Ahmed Maher, l'un des leaders de la jeunesse du mouvement du 6 avril nous a dit qu'il ferait un tour d'Europe pour informer sur la Révolution, en commençant par Grenade (Espagne).

LE RÔLE EMBARASSANT DE L'UNION EUROPEENNE

Comme les États-Unis, l'UE était une collaboratrice de Mubarak, puisqu'elle a donné son accord à une association dont le but était de garantir la liberté du commerce sans demander l'application de  l'article 2 sur le respect des droits humains.
L'approche habituelle de l'UE, et celle des principaux groupes politiques, est d'influencer le processus  de changement de manière à éviter une orientation progressiste, de gauche et anti-impérialiste des nouvelles institutions égyptiennes.

C'est un véritable exemple donné lors de la conférence de presse par le président du Parlement européen, Jerzy Buzek (polonais-PPE) à la fin de notre visite, se proposant lui-même de partager les expériences des processus en Europe centrale et orientale avec la société civile égyptienne.

En d'autres termes, éviter le progrès des idées socialistes en Égypte.

Les fondations des partis politiques européens vont investir beaucoup d'argent et de ressources pour soutenir les forces conservatrices, libérales et de droite.

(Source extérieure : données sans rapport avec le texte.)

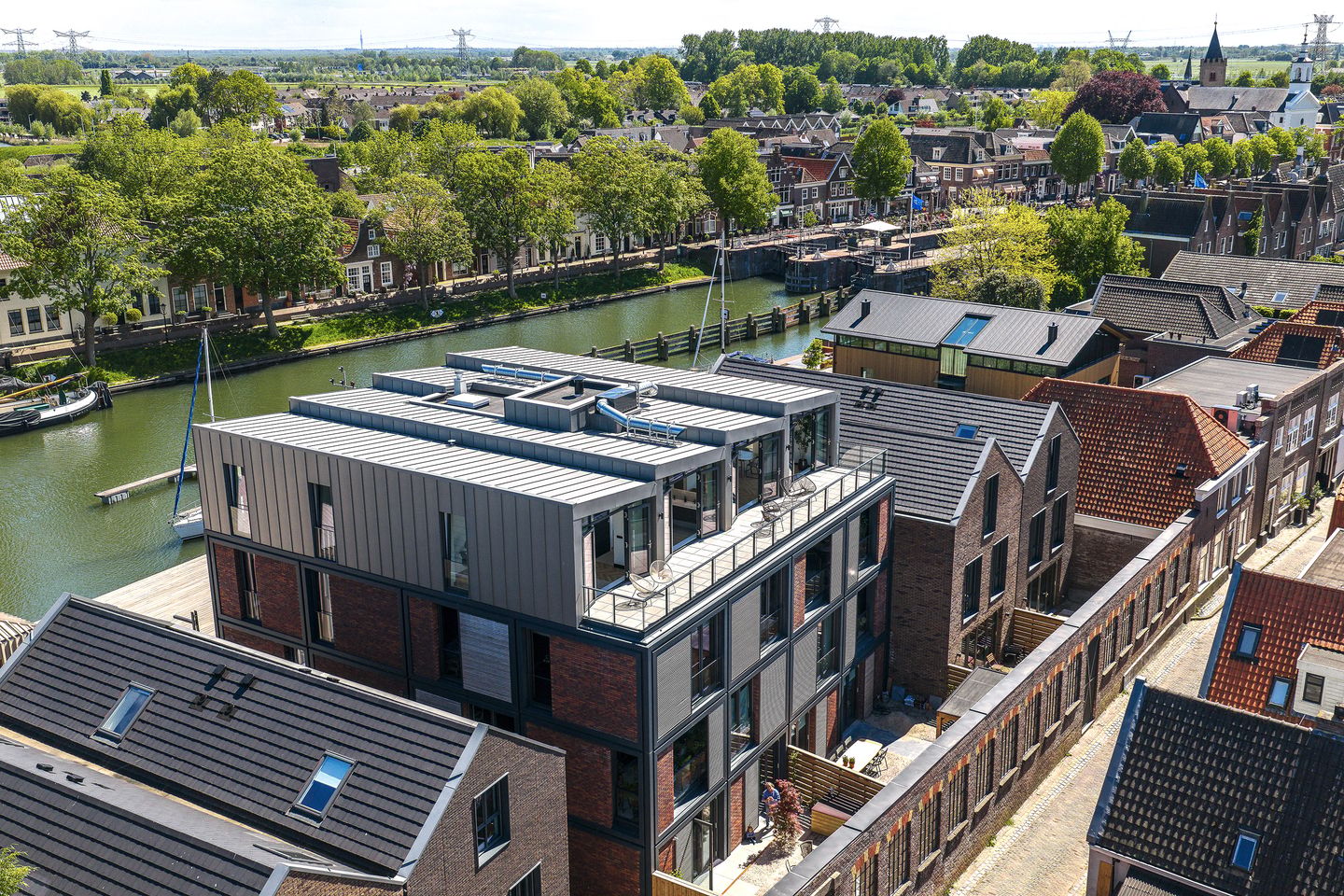 Photo 70 of Hellingstraat 48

Cela a déjà été annoncé.

Je suis persuadé que, dans la mesure de nos possibilités, nous devrions faire de même de façon à aider la révolution. La société civile nous a expliqué qu'il y a encore des arrestations et des tortures commises par les forces de police et militaires.

Nous étions supposés rencontrer Ragia Omram, membre de la Coalition de la Jeunesse de la Place Tahrir, mais nous n'avons pas pu parce qu'elle a été arrêtée le jour même du référendum. Lors de notre rencontre avec le Premier Ministre, Essam Sharaf, je lui ai montré notre inquiétude à propos de ces arrestations et ces tortures et il m'a répondu que Ragia Omram a été arrêtée et finalement relâchée le jour suivant, et il s'est engagé lui-même à en finir avec ces pratiques.